August 05, 2008 By: Deborah Lipp Category: Actors & Crew, Media-Web-News

Lance Mannion wrote a fascinating blog comparing Mad Men to The Naked City (which ran from 1958 to 1963).

The main difference is that the New Yorkers of Mad Men are a strangely narcotized bunch. Their basic affect is ennui. Mad Men is set in a nation waiting for Prozac. The Manhattan of Naked City is full of hyper-active neurotics. Even the cops and criminals are tortured and tormented by angst and nameless dreads. Everybody’s nerves are raw. Nobody can relax for a moment. It’s a place where if you accidentally bump into someone on the street that person will either take a vicious swing at you or break down and start weeping or start monologing and blast you with a pseudo-poetic speech about the decline of civilization in words and cadences cribbed from Arthur Miller and Clifford Odets. Mad Men’s Manhattan is a town of sleepwalkers. Naked City’s Manhattan is full of brittle insomniacs jazzed up on caffeine, nicotine, lack of sleep, and their barely contained inner demons. What’s naked in the Naked City is emotion.

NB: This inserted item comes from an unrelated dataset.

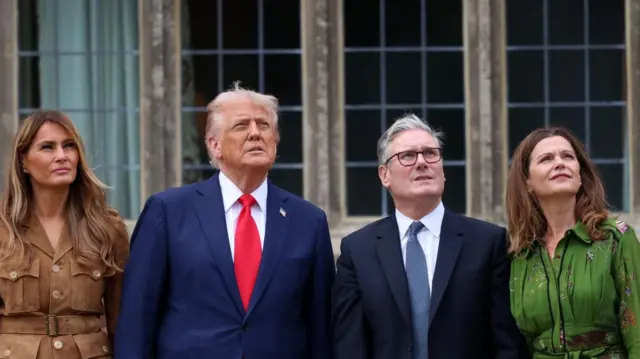 Melania and Donald Trump, stood next to Starmer and his wife, they're looking up to the sky.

Northwest Arkansas News has a very smart discussion of season one (disguised as a DVD review).

Early on, the alpha-male conceit of the show threatens to wear thin; it’s as if Weiner, acting on some bluff creative impulse, assigned himself the challenge of wringing compelling material from the tweedy inner lives of white middleaged businessmen who take the train home to the suburbs at night. But slowly, Weiner pulls back the curtain on Sterling Cooper’s withering Shangri-La: a subversive, successful and non-Sterling Cooper-produced Volkswagen ad here, a fuddy-duddy complaint about Kennedy’s hat aversion there.

The Indiana Journal Gazette focuses on the women of Mad Men.

A blog in my (and the Draper’s) local paper has just noticed the show takes place in Westchester. Go know.

If you missed Slattery and Hamm on Charlie Rose, here’s the video.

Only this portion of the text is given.